I compiti a casa dei genitori

Annalena Benini sui bambini, sulle mamme e i papà che devono aiutarli, sui doposcuola: cose che sanno e apprezzeranno tutti i genitori all'ascolto

1955: Mrs Boice, a flight instructer by trade, helps her son with his homework. (Photo by Three Lions/Getty Images)
1955: Mrs Boice, a flight instructer by trade, helps her son with his homework. (Photo by Three Lions/Getty Images)

Il Foglio di sabato ospitava un racconto-riflessione di Annalena Benini sul rapporto dei genitori con i compiti a casa dei bambini e sui tempi che cambiano e non cambiano insieme.

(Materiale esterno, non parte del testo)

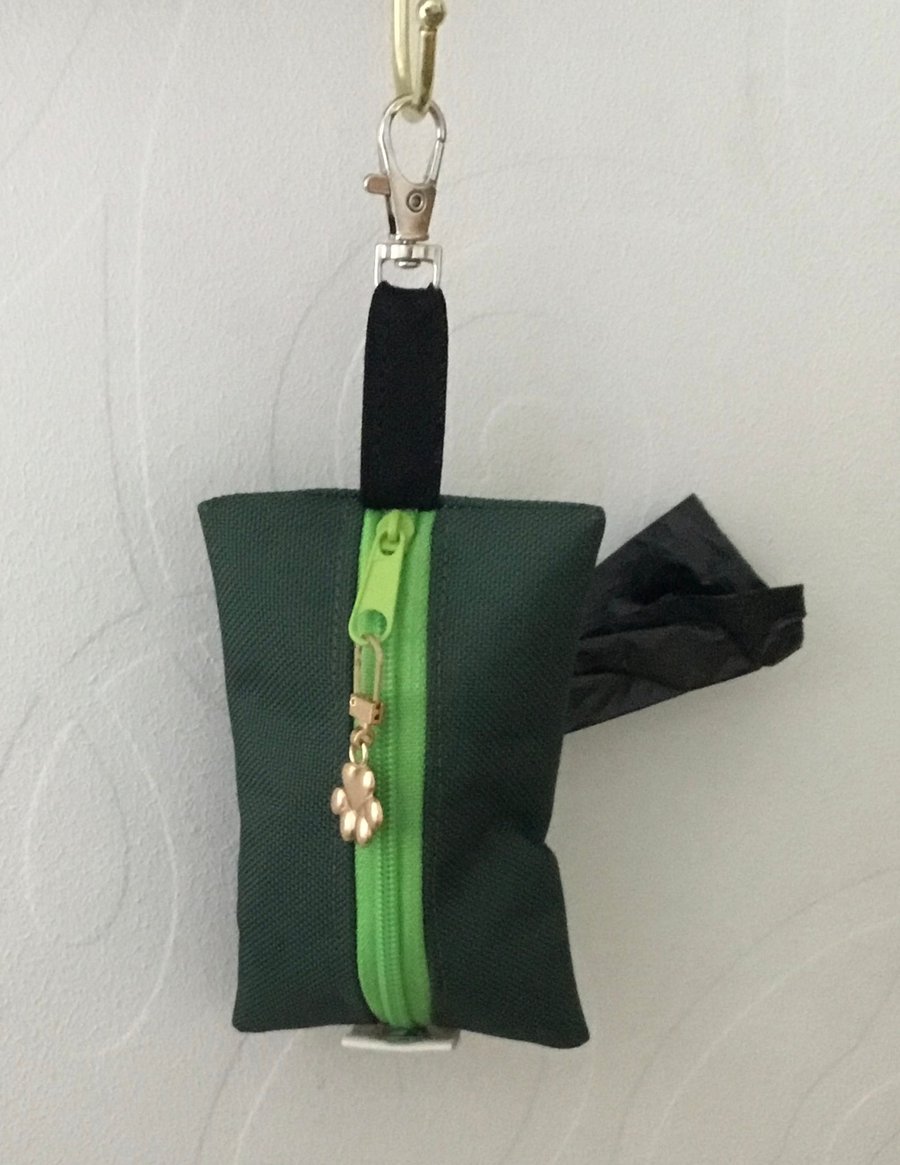 Green dog bag carrier.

Vieni qui, siediti bene, non sbriciolare, facciamo i compiti. Scrivere dieci paroline con “eu”. Ma come non le sai? E’ facile: Europa, eureka, pneumatico, feudale, freudiano, neuroni, ad esempio. Non capisco perché piangi, adesso. Su, scrivi: eu-fe-mi-smo. La sera dei dittonghi, in prima elementare, pensai che avevo sbagliato tutto. Mandarla a scuola un anno prima (non per ambizione ma per lasciarla con le amiche a cui sognava un giorno di mostrare un vero chihuahua bianco che avrebbe chiamato Fragolina) era stata una pessima idea: avevo sottratto a mia figlia un anno di vita leggera, al parco o a testa in giù sul divano, un anno di pomeriggi senza i compiti a casa, ma soprattutto, cosa perfino più grave, l’avevo sottratto a me. Se il contadino ha quindici mele e gliene cadono sette, quante mele gli restano? Nascondo le mani dietro la schiena per non far vedere che conto con le dita, a lei inspiegabilmente piace la matematica e potrei riuscire a convincerla che è merito mio, della mia precisione, ma poi comincia a sbuffare, a cancellare, a fare le orecchie nelle pagine, a sbadigliare, a scrivere numeri inventati e a far cadere la matita per terra. Mi innervosisco, dovrei pure lavorare, mi mette il muso, che cos’è un abaco? La parte peggiore di tutta la giornata. Non odiavo i compiti per casa da bambina, ma ricordo le facce di mia madre quando le annunciavo che c’era la ricerca sul Friuli Venezia Giulia. Doveva procurarmi il materiale, farmelo copiare, fingere di conoscere il numero esatto di abitanti del Friuli e la sua superficie in chilometri quadrati, poi aiutarmi a studiare il clima e l’economia, parole come: pastorizia. Anche oggi ho problemi a collocare geograficamente Pordenone. Non odiavo i compiti da bambina, ma credo di odiare quelli di mia figlia. E’ troppo piccola per farli da sola, e poi ho letto ovunque che le devo trasmettere il senso dell’importanza della scuola sgobbando insieme a lei. Deve capire subito che la vita è responsabilità e scrivanie, doppi turni di lavoro, artrite cervicale e occhiali da vista. Il suo mondo è cambiato (non chiede più: “Babbo, tu che lavoro fai? Le bolle di sapone?”, e per la prima volta pronuncia frasi inaudite: hai visto il mio libro d’inglese?), ma drammaticamente, con i compiti a casa, è cambiato moltissimo anche il nostro piccolo mondo adulto.